Beneath this line sits some data. Return only its lines from the one holding "3-Tier Rolling Microwave" through the one holding "Tahari London Womens", inclusive, exactly, with the images removed.

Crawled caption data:
/---

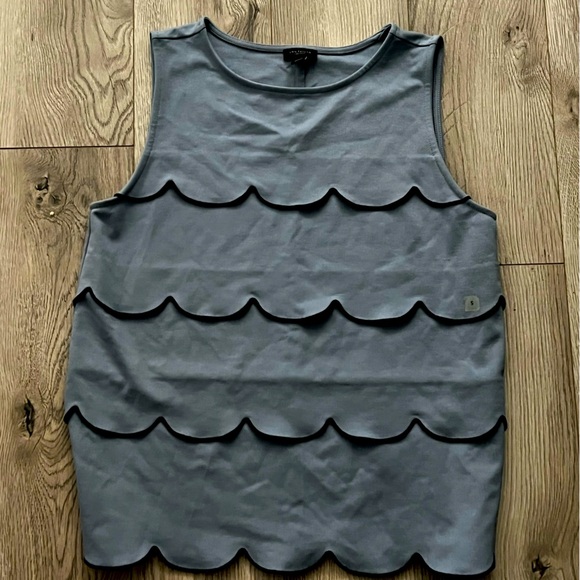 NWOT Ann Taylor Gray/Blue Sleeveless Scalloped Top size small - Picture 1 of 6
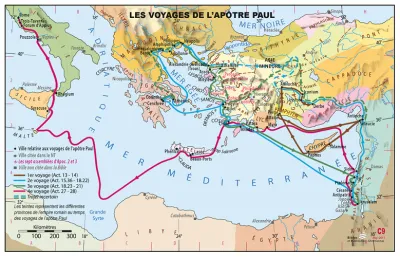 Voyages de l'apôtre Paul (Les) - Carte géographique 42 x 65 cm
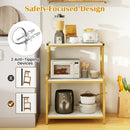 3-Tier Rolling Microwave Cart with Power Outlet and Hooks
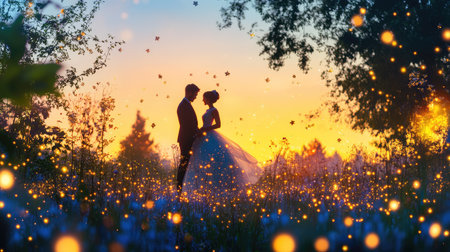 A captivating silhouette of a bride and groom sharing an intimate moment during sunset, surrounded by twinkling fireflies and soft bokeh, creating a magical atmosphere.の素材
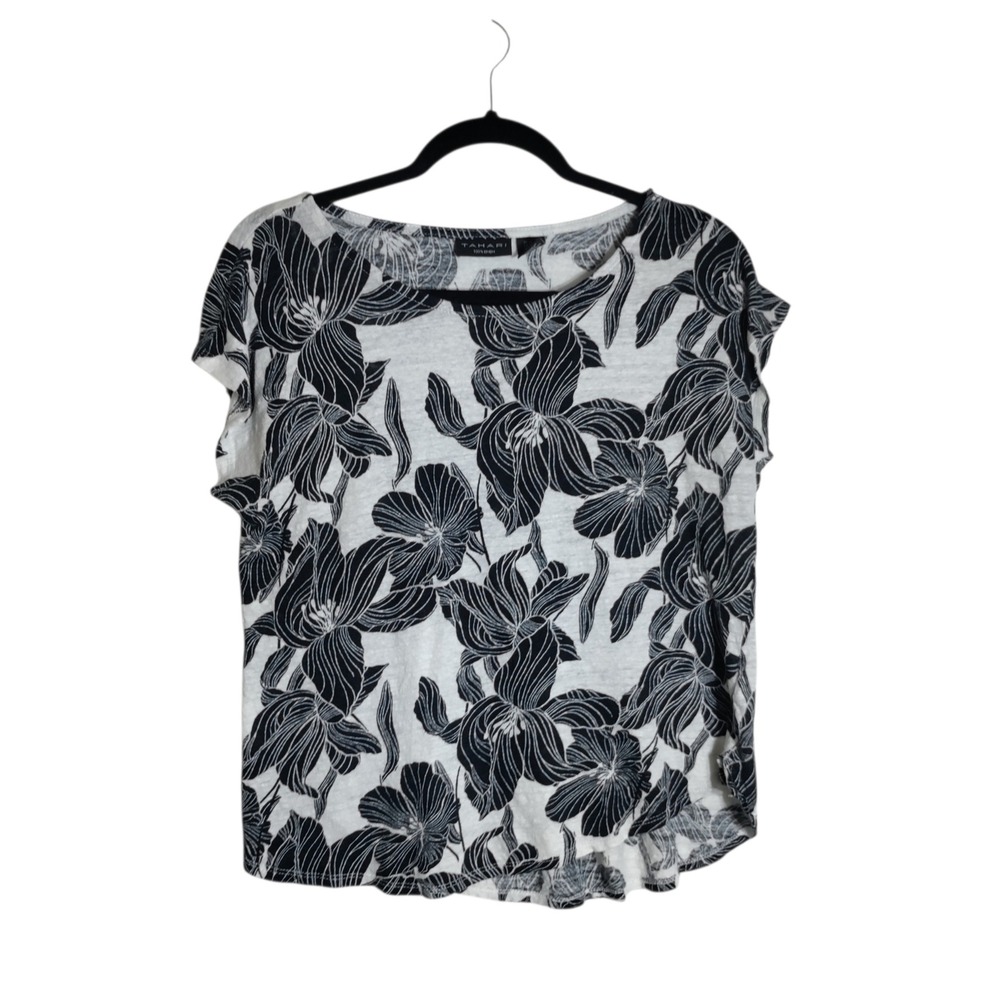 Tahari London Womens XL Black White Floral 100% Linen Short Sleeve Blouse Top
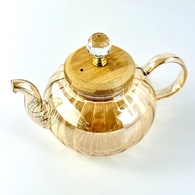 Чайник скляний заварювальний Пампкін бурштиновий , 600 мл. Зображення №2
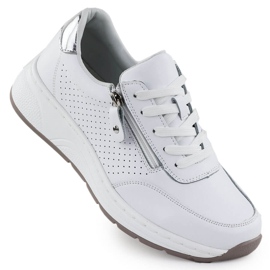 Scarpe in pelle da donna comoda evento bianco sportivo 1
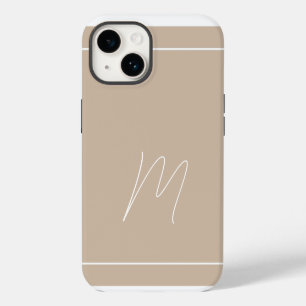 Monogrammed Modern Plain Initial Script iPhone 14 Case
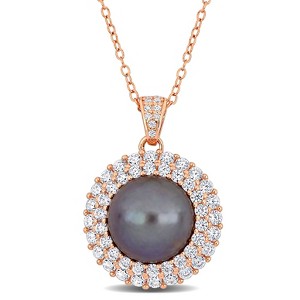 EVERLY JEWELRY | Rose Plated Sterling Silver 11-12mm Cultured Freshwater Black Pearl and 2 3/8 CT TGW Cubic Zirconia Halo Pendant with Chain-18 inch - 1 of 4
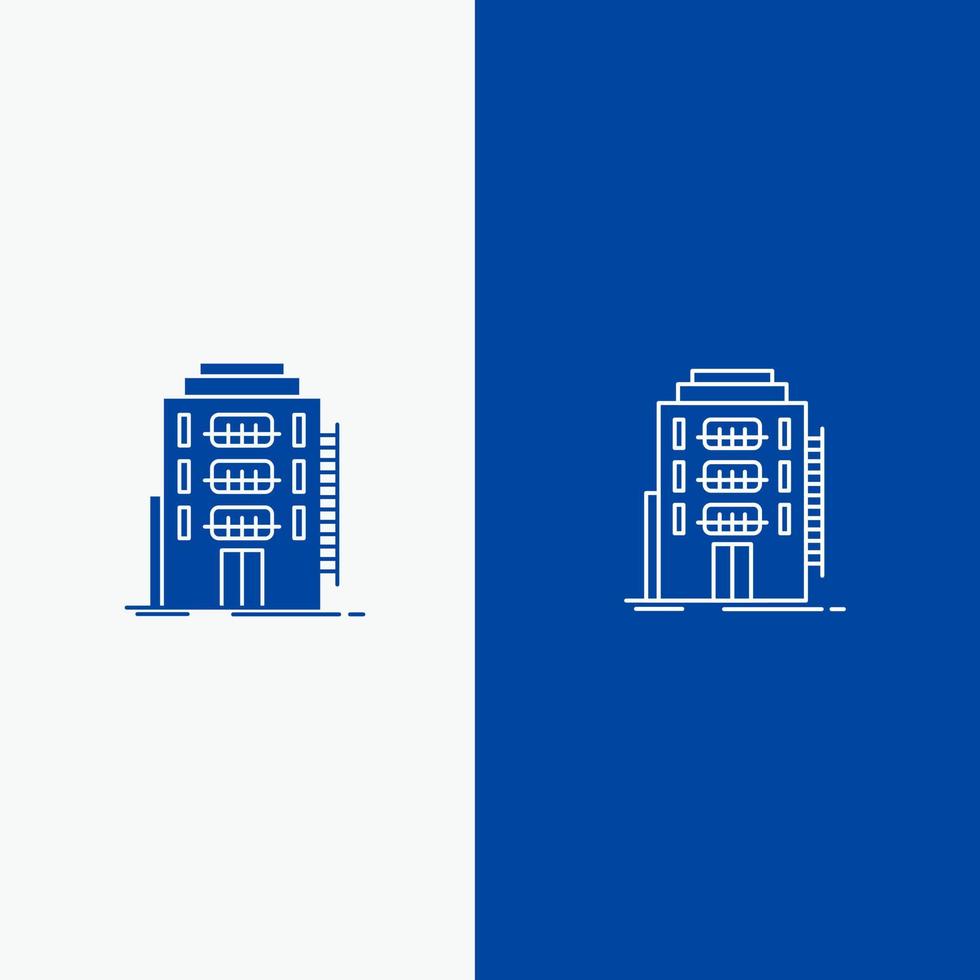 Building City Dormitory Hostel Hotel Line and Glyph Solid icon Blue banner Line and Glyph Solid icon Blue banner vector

\---

Expected answer ->
 3-Tier Rolling Microwave Cart with Power Outlet and Hooks
 A captivating silhouette of a bride and groom sharing an intimate moment during sunset, surrounded by twinkling fireflies and soft bokeh, creating a magical atmosphere.の素材
 Tahari London Womens XL Black White Floral 100% Linen Short Sleeve Blouse Top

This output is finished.